(Records from a collection)
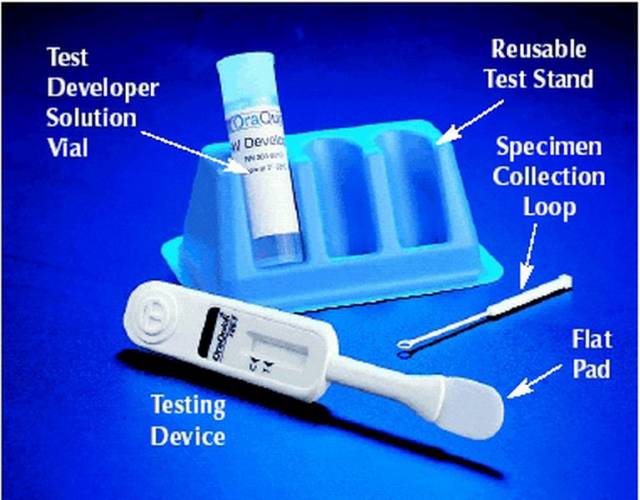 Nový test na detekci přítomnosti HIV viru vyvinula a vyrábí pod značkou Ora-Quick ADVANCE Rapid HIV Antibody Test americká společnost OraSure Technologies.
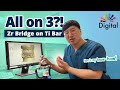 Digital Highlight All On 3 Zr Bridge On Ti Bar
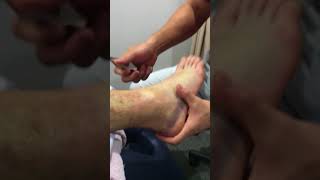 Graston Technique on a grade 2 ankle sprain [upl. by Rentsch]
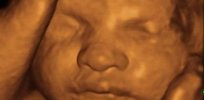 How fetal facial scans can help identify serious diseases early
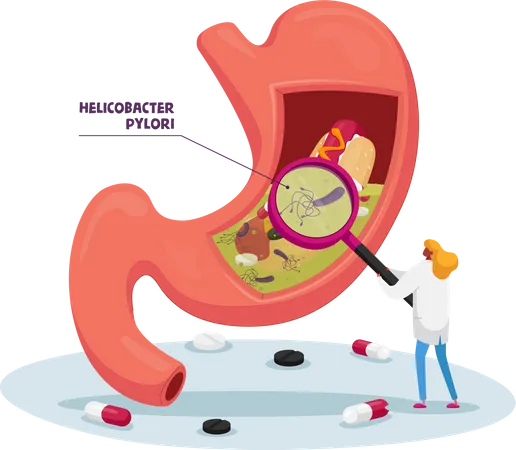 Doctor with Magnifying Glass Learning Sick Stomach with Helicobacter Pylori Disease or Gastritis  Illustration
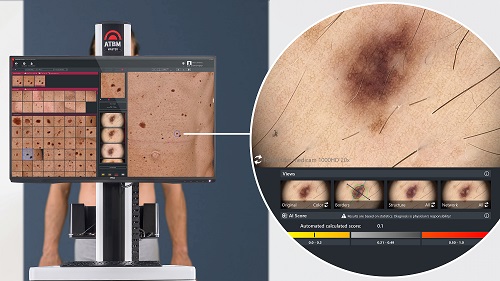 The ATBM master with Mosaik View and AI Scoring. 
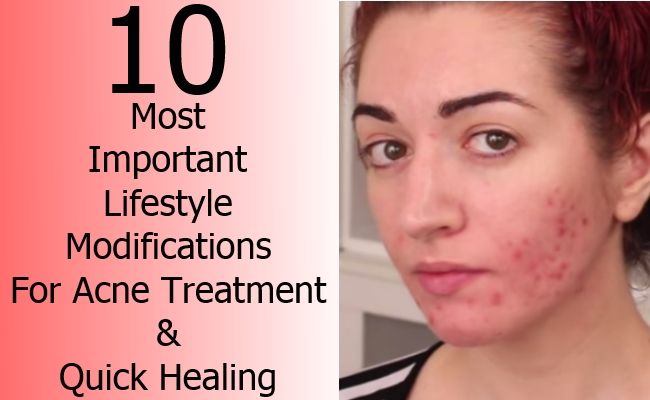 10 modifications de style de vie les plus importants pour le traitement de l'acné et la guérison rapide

== WHAT NEEDS TO BE DONE ==
All of the data above should be printed again exactly, though none of the pictures belong in the copy.

== EXPECTED ANSWER ==
 Nový test na detekci přítomnosti HIV viru vyvinula a vyrábí pod značkou Ora-Quick ADVANCE Rapid HIV Antibody Test americká společnost OraSure Technologies.
 Digital Highlight All On 3 Zr Bridge On Ti Bar
 Graston Technique on a grade 2 ankle sprain [upl. by Rentsch]
 How fetal facial scans can help identify serious diseases early
 Doctor with Magnifying Glass Learning Sick Stomach with Helicobacter Pylori Disease or Gastritis  Illustration
 The ATBM master with Mosaik View and AI Scoring. 
 10 modifications de style de vie les plus importants pour le traitement de l'acné et la guérison rapide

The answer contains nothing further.